» **What you should do**
Copy exactly and only the lines running from the one that contains "Participaram da coletiva: TV" to the final line of the data below, without the pictures.

» **Data section**
┄┄┄┄┄┄┄┄┄┄
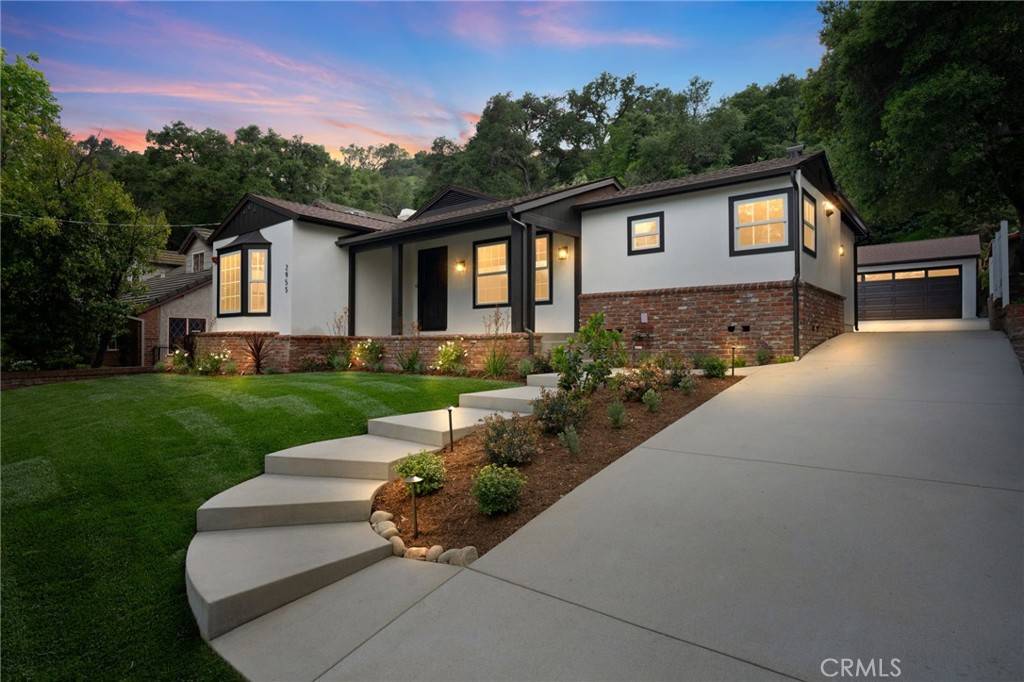 Glendale, CA 91208,2955 Hermosita DR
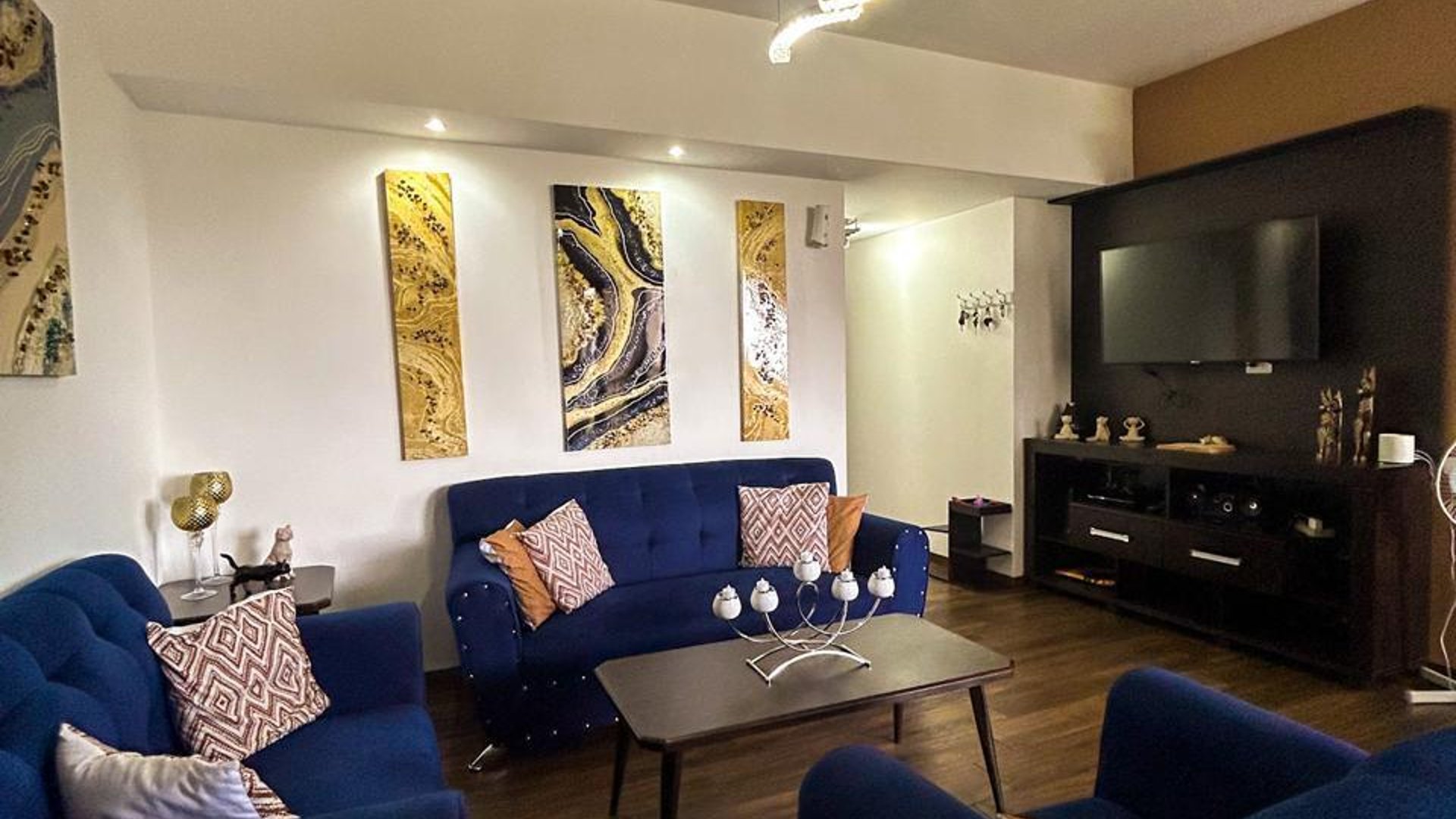 Apartamento en Zona 10 de 3 Dormitorio en Venta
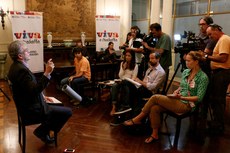 Participaram da coletiva: TV Al Jazeera English, The Wall Street Journal, TV Alemã ARD, American National Public Radio e a Associated Press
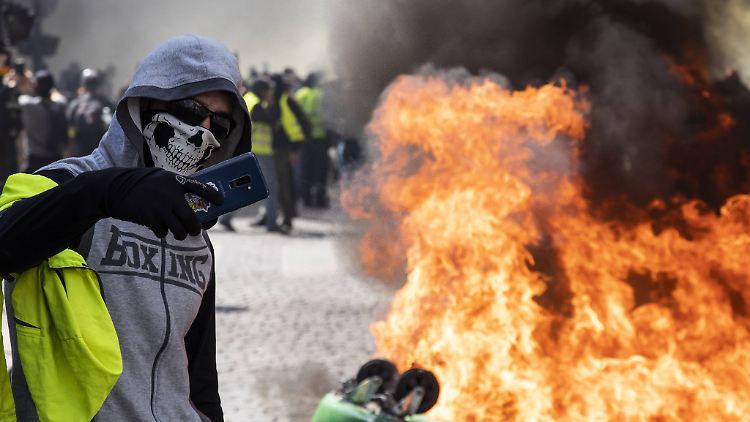 Szene von den "Gelbwesten"-Protesten am Samstag in Paris.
┄┄┄┄┄┄┄┄┄┄
» **Expected output**
 Participaram da coletiva: TV Al Jazeera English, The Wall Street Journal, TV Alemã ARD, American National Public Radio e a Associated Press
 Szene von den "Gelbwesten"-Protesten am Samstag in Paris.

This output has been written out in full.